Horas después, tras preguntar a todo el mundo con el que se cruzaba si habían visto a un hombre alto, de pelo canoso y de haberse encontrado con amigos de la familia que seguían viviendo allí, se dirigió a la orilla del río a la altura de la casa en la que creció mientras revivía su niñez y algunos buenos momentos vividos con Eduardo.

Echó a andar por el solitario camino viendo aquel paisaje familiar con otros ojos, perdiendo poco a poco la esperanza y pensando que quizá estaba lejos ya, que había cogido el primer autobús y que se perdería una vez más para todos, empezó a sentir la angustia de aquel que piensa: ¿Y si no le vuelvo a ver más?. En el fondo aquello le dio un pequeño alivio mental, volvería a su casa a esconder sus miedos bajo el nórdico hasta que tuviera fuerzas para seguir con su vida.
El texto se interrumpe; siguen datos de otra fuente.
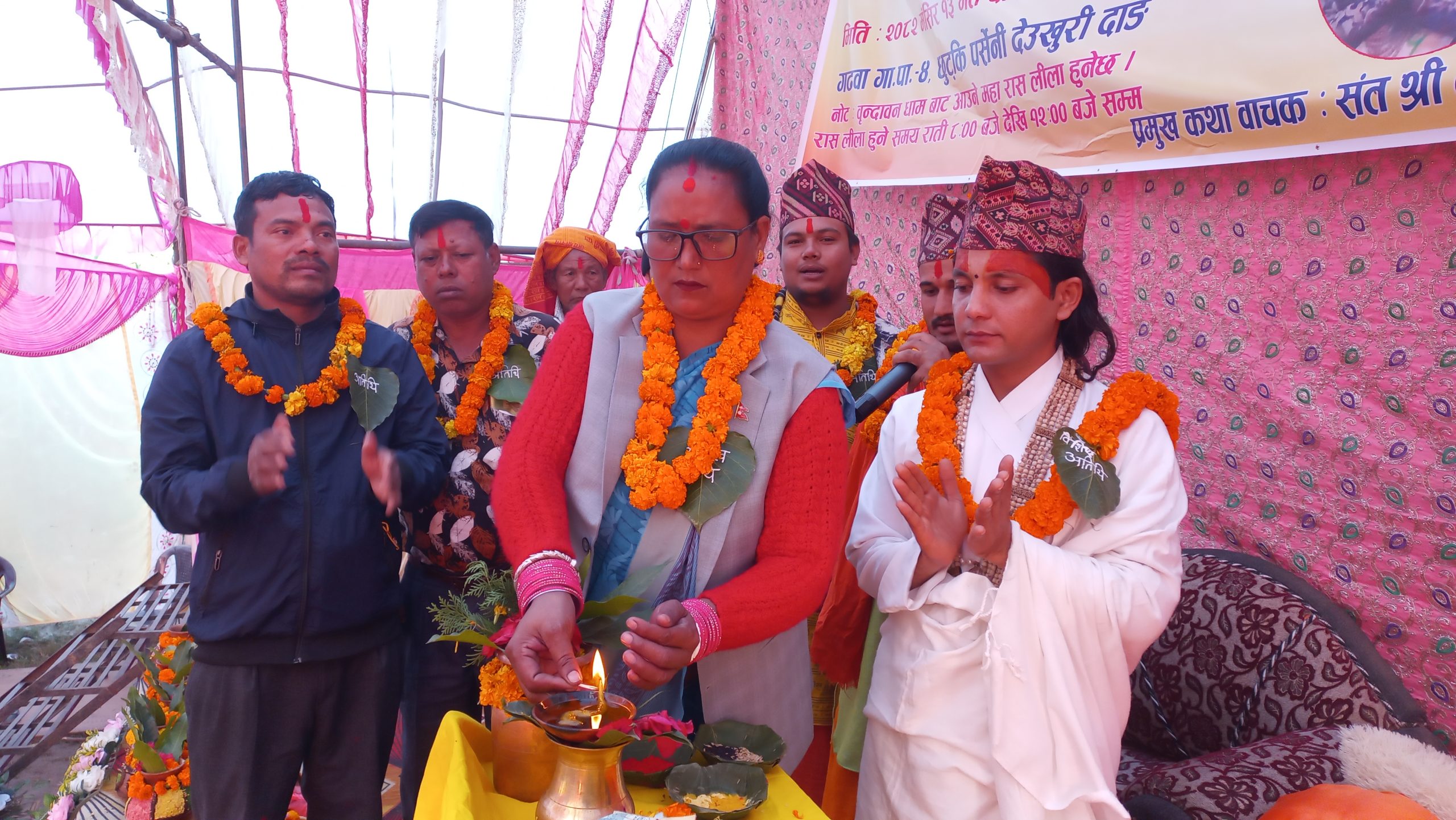 गढवा-४ छोट्की पर्सेनीमा महायज्ञ सुरू, संकलित रकमले धर्मशाला र शिव मन्दिर निर्माण गरिने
Se encontró de pronto más lejos de lo que hubiera querido llegar y con el sol amenazando con desaparecer, se dirigió a cruzar el puente camino a la estación de autobuses por si alguien reconociera al hombre de la foto.

Intentando no caer por el resbaladizo acceso desde la orilla vio, río abajo entre la maleza, enmarcada por los colores del atardecer, una silueta con gabardina gris flotando boca abajo enganchada a la raíz de un árbol y sintió que todo aquello de lo que había intentado huir días atrás volvía a empezar.